- **Source records**
########################################
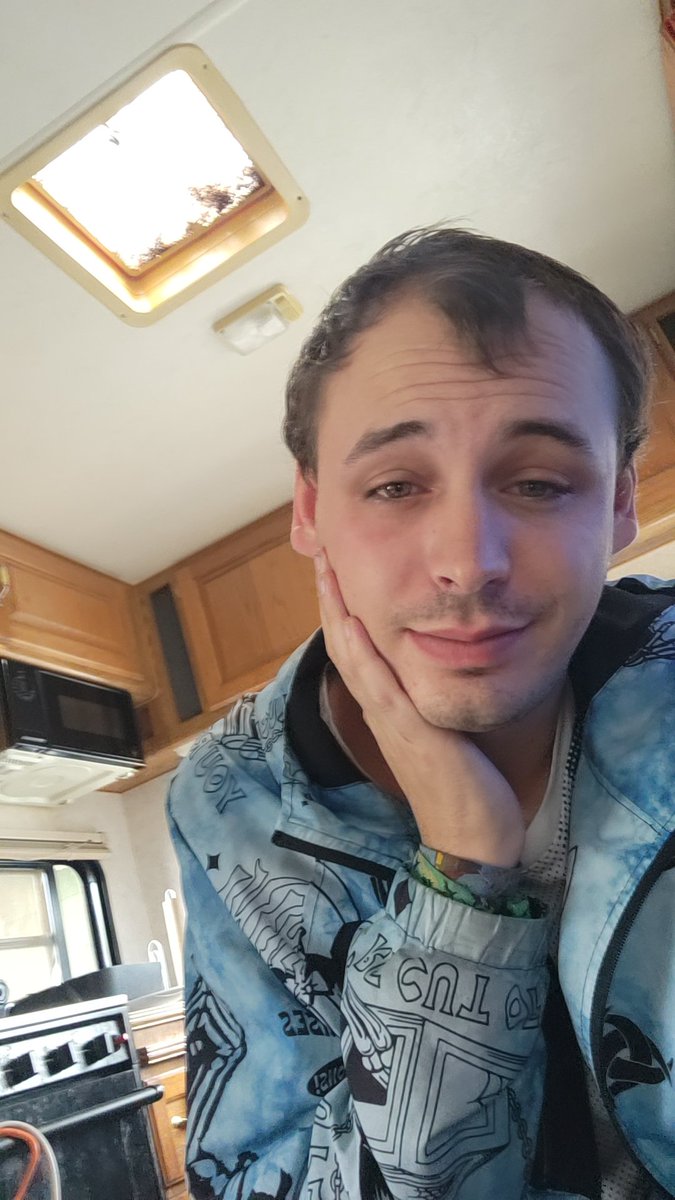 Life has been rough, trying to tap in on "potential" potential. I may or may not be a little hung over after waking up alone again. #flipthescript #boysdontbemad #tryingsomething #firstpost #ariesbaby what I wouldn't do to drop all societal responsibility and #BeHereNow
########################################
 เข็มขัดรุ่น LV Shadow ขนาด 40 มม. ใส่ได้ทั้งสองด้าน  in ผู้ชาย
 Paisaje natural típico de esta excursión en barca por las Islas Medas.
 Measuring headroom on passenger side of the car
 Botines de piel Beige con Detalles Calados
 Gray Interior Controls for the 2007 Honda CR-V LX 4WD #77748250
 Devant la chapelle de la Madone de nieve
########################################
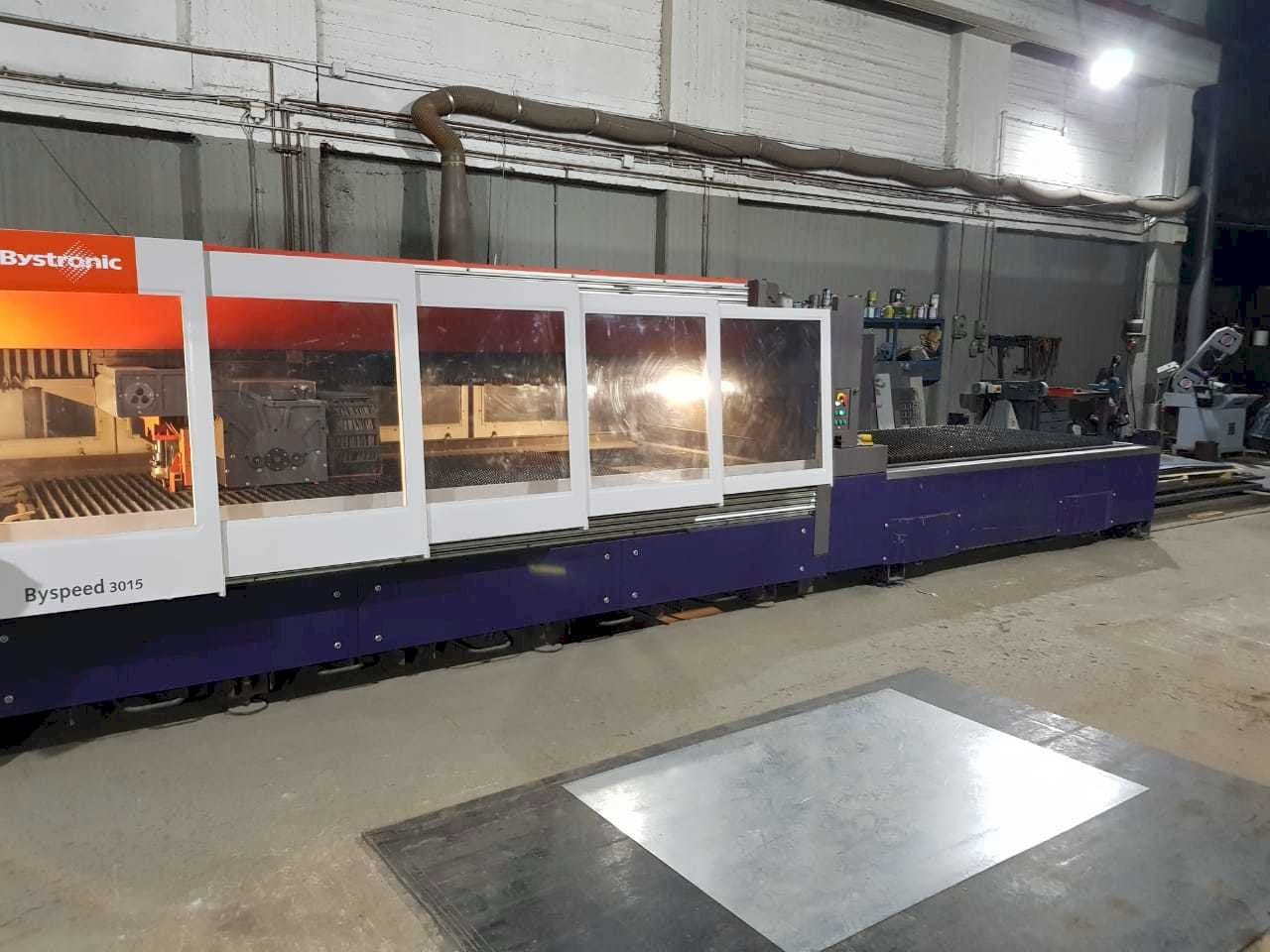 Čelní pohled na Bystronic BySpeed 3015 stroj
########################################
- **Problem to solve**
Copy out the lines above exactly, beginning at the one that contains "เข็มขัดรุ่น LV Shadow" and ending at the one that contains "Devant la chapelle de la Madone de nieve".

- **Reply**
 เข็มขัดรุ่น LV Shadow ขนาด 40 มม. ใส่ได้ทั้งสองด้าน  in ผู้ชาย
 Paisaje natural típico de esta excursión en barca por las Islas Medas.
 Measuring headroom on passenger side of the car
 Botines de piel Beige con Detalles Calados
 Gray Interior Controls for the 2007 Honda CR-V LX 4WD #77748250
 Devant la chapelle de la Madone de nieve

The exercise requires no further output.